That bad attitude will close your business!

For sure, commerce in this country is changing. Big multi-national stores offering everything under the sun lure in shoppers with ‘lower’ prices and ‘bigger’ selection. It makes for tough times for the small family operation which usually offers ‘superior’ customer service and connection to its customers.

In Barrie, one of our finest examples is at the corner of Blake and Steel streets at Robinson’s Hardware. They know you by name; they remember what you got last time, and they generally have selection enough, or they’ll get it for you.

Some time ago I made a point of standing in the front lobby at Royal Victoria Hospital. There, in our new hospital, were the names of companies whose donations made the building possible. Those names, those businesses, are the ones that contribute again and again to our community. They generally employ people full time and those people, in turn, invest in our community by buying houses and paying taxes and shopping for groceries and educating kids.

That’s how the wheel goes round. Or should.

However, the in-between stores, the ones with a local presence and local management, are likely the least visible. And, it seems, they are the most challenge when it comes to customer service. I’m a fairly optimistic, easy going person, but I scratch my head sometimes when I’m trying my best to do business at a community level, only to be almost abused in the process.

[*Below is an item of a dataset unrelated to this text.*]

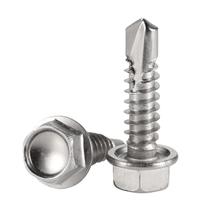 Parafusos autoperfurantes com cabeça de lavadora hexagonal 10 x 1 em aço inoxidável 410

I recently tried to buy additional balls of wool for a project. I’d bought the originals at a small department store and went back to see if they had more coming in. Customer service staff ignored me for quite awhile, though I was the only one ‘in line.’ I finally spoke up, asking if I could ask a question. I held up my last ball of wool. “Would you be getting more of these in?”

“I don’t know.”

“Can you check?”

“I guess so.” She scanned the upc code on my wool and clicked it into a computer. “We’re getting six balls in.”

“Do you know when, approximately?”

“Maybe next week.”

“Is is possible to put a hold on them?”

“Nope.”

She then suggested I go to the big box multinational store up the street. Sending her job up there, too, but she doesn’t realize that. As I walked away from Customer Service, I heard the second woman speak softly… “we could have likely put a hold on that wool.”

I went down to the local wool shop and placed a special order. It arrived the next week.

This isn’t isolated. This “who cares?” attitude comes from cashiers and baggers at grocery stores, at gas stations, at chain restaurants. These in-between businesses who aren’t competing on selection and price and aren’t your mom & pop shop are going to be the layer of commerce that falls away. And somehow, somebody should care. I don’t know whether it’s lack of store management and training, or if managers aren’t given a sense of responsibility, or if employees are so unhappy they hope they lose their jobs… I don’t know. We were buying groceries recently and the young man at the end of the cashier aisle was so gloomy, so unpleasant that my husband asked him if he was okay. His cashier partner quipped with a smile, “oh, don’t worry about him! He just has bad days!”

This is not to discount the remarkably good employees who have a sense of the importance of the customer. But we have, in Barrie, way more of the bad service types who literally just do not know how to care.

The sad thing is that they don’t realize that ultimately it’s there own employment that they don’t care about.

I care passionately about the health of our business community. I just want to take these people by their hands and point out how important it is that they keep their customers wanting to come back, that they stop ‘driving’ them away until there’s nobody left. It’s a frustrating time for business, for sure. But individuals can control their destiny by putting real spirit into that rehearsed line, “How can I help?”